Cancer stem cells: perspectives for therapeutic targeting.

Cancer Immunol Immunother 2015 Jan 8;64(1):91-7. Epub 2014 Aug 8.

Unit of Immuno-biotherapy of Melanoma and Solid Tumors, San Raffaele Foundation Centre, Milan, Italy,

Cells with "stemness" and tumor-initiating properties have been isolated from both hematological and solid tumors. These cells denominated as cancer stem cells (CSCs), representing rare populations within tumors, have the ability to metastasize and are resistant to standard therapies and immunotherapy. Heterogeneity and plasticity in the phenotype of CSCs have been described in relation to their tissue origin. Few definitive markers have been isolated for CSCs from human solid tumors, limiting their usage for in vivo identification of these cells. Nevertheless, progress in the emerging CSCs concept has been achieved gaining, at least for some type of tumors, their biological and immunological characterization. The recent identification of molecules and signaling pathways that are up-regulated or aberrantly induced in CSCs allowed the development of small agents for specifically targeting of CSCs.

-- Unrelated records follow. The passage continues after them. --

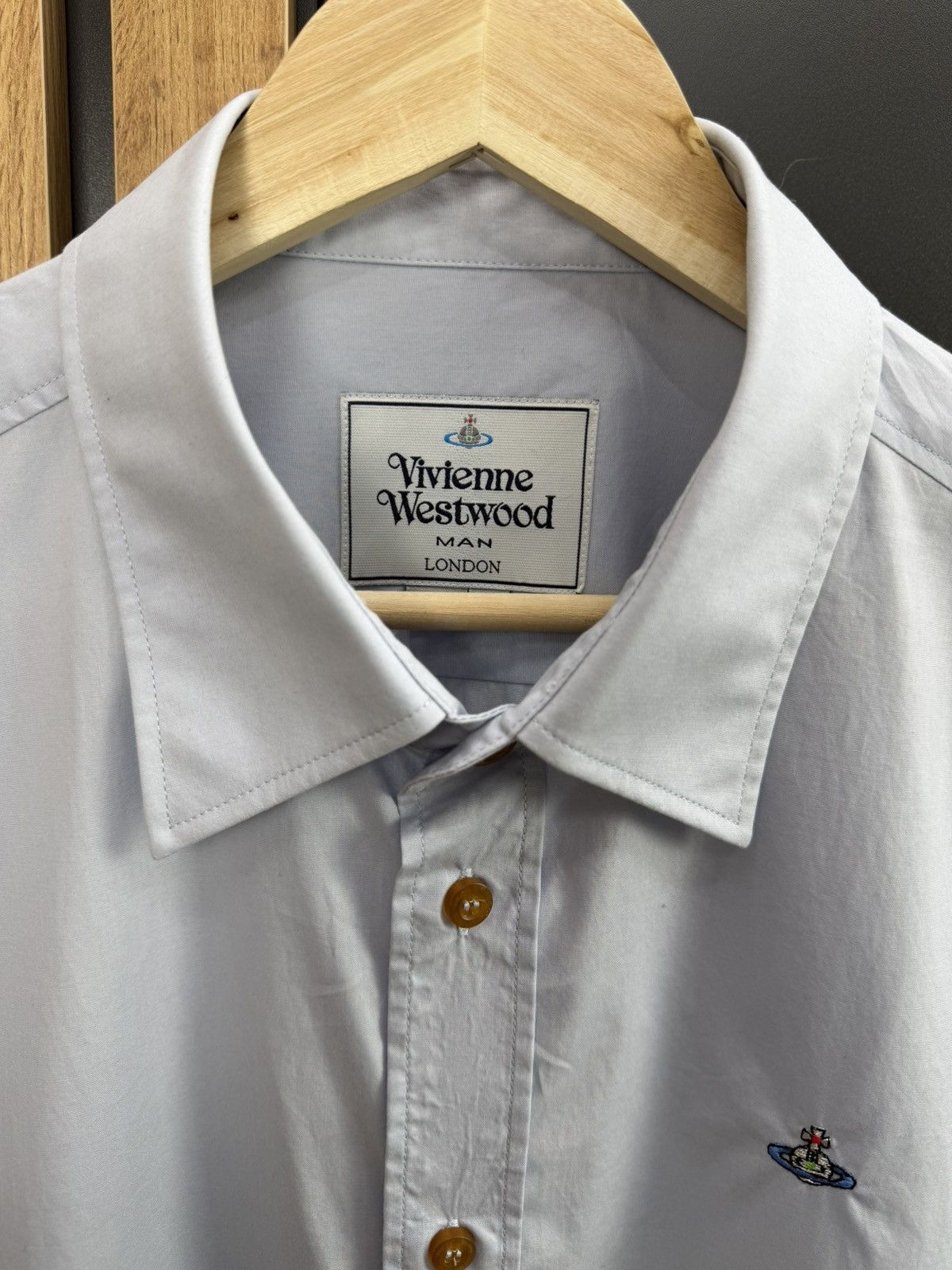 Vivienne Westwood Vivienne Westwood Man Light Blue Shirt Orb Logo Size 56 Size US XL / EU 56 / 4 - 4 Thumbnail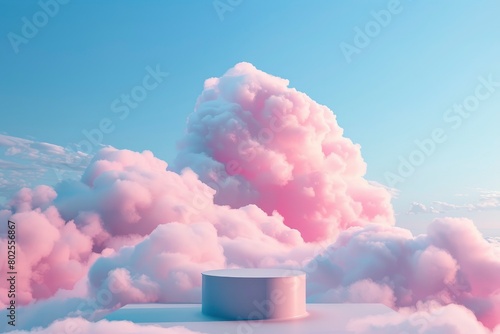 Surreal cloud podium outdoor on blue sky pink pastel soft fluffy clouds with empty space.Beauty cosmetic product placement pedestal present promotion minimal display, dreamy concept - generative ai photo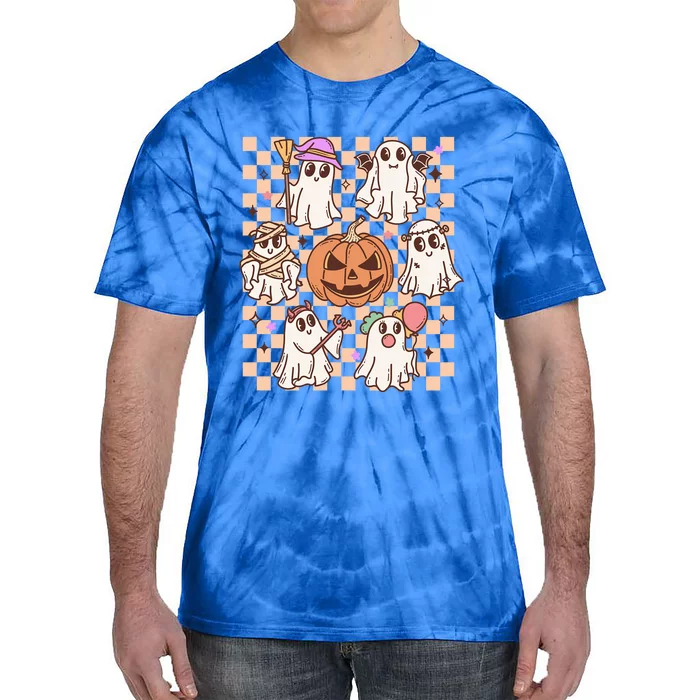 Cute Creepy Ghost Pumpkin Retro Halloween Costume Checkered Gift Tie-Dye T-Shirt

A general low immunogenic profile has been reported for CSCs with, in some cases, the identification of the mechanisms responsible of the impairment of cell-mediated immune responses. These concepts are discussed in the context of this review. Although CSCs still need to be fully characterized, potential candidate markers and/or signaling pathways, to be exploited for the design of novel CSC-targeting therapeutic strategies, are described in this review.